From c117bd735c6ffa24b3b7bbb567619a7e34fa2c76 Mon Sep 17 00:00:00 2001
From: Fabian Grob <grobfab@gmail.com>
Date: Fri, 26 Jan 2024 02:54:22 -0800
Subject: [PATCH] Fix (equalize): align cross layer equalization with channel
 splitting

---
 src/brevitas/graph/equalize.py | 31 +++++++++++++++----------------
 1 file changed, 15 insertions(+), 16 deletions(-)

diff --git a/src/brevitas/graph/equalize.py b/src/brevitas/graph/equalize.py
index 580e4eb24..f5d8d5534 100644
--- a/src/brevitas/graph/equalize.py
+++ b/src/brevitas/graph/equalize.py
@@ -100,9 +100,9 @@ class EqualizationIndexes:
 
 # Required for being hashable
 @dataclass(eq=True, frozen=True)
-class WeightBiasTuple:
-    weight: nn.Module = None
-    bias: nn.Module = None
+class WeightBiasWrapper:
+    weight: torch.Tensor = None
+    bias: torch.Tensor = None
 
 
 # Required for being hashable
@@ -359,16 +359,16 @@ def _combine_weights_bias(
     return weight_bias
 
 
-def transpose(module: torch.nn.Module, axis: int):
+def transpose(tensor: torch.Tensor, axis: int):
     """
-    Given a module and an axis, this function re-arranges the module's weights so that the axis and
+    Given a tensor and an axis, this function re-arranges the tensor so that the axis and
     the first dimension are swapped.
     """
-    shape = list(range(module.weight.ndim))
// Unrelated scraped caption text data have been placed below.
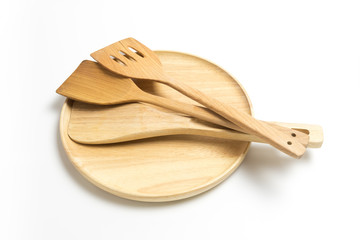 Wooden plate or tray with flipper or spade isolated on white background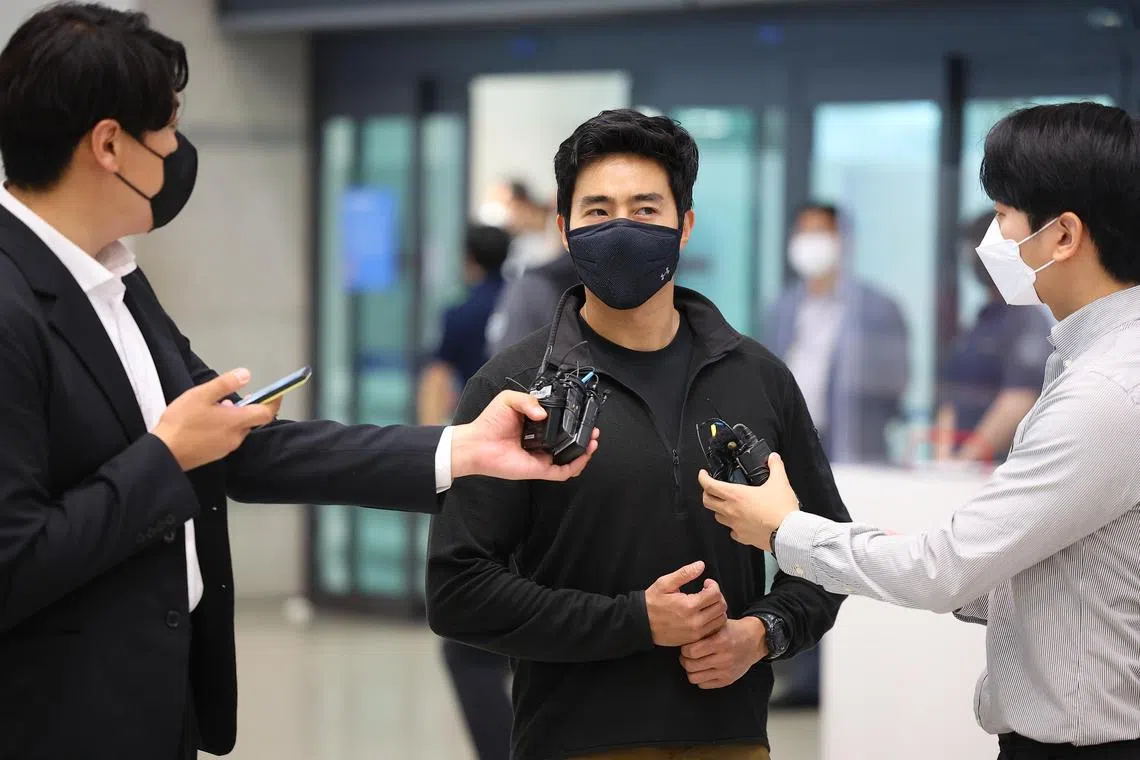 South Korean volunteer fighter Rhee Keun speaking to the media after arriving at Incheon Airport on May 27, 2022.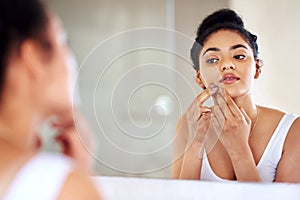 Skincare, woman and mirror to pop pimple on face with hands, dirt or scar on skin in home. Dermatology, facial wellness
+    shape = list(range(tensor.ndim))
     axis = shape[axis]
     shape.insert(0, axis)
     del shape[axis + 1]
-    return module.weight.permute(shape)
+    return tensor.permute(shape)
 
 
 def _cross_layer_equalization(
@@ -430,7 +430,7 @@ def _no_equalize():
         # For MultiheadAttention, we support only self-attetion
         if isinstance(module, nn.MultiheadAttention) and module.in_proj_weight is not None:
             # For sinks, we only need to modify the weight but not the bias
-            module = WeightBiasTuple(module.in_proj_weight)
+            module = WeightBiasWrapper(module.in_proj_weight)
         elif isinstance(module, nn.MultiheadAttention) and module.in_proj_weight is None:
             return _no_equalize()
         sink_axes[name] = (module, axis)
@@ -452,12 +452,12 @@ def _no_equalize():
 
     # Check if any of the axis is None, which means that the module is not supported.
     # In that case, do not perform graph equalization
-    axes_to_check = [*src_axes.values(), *sink_axes.values()]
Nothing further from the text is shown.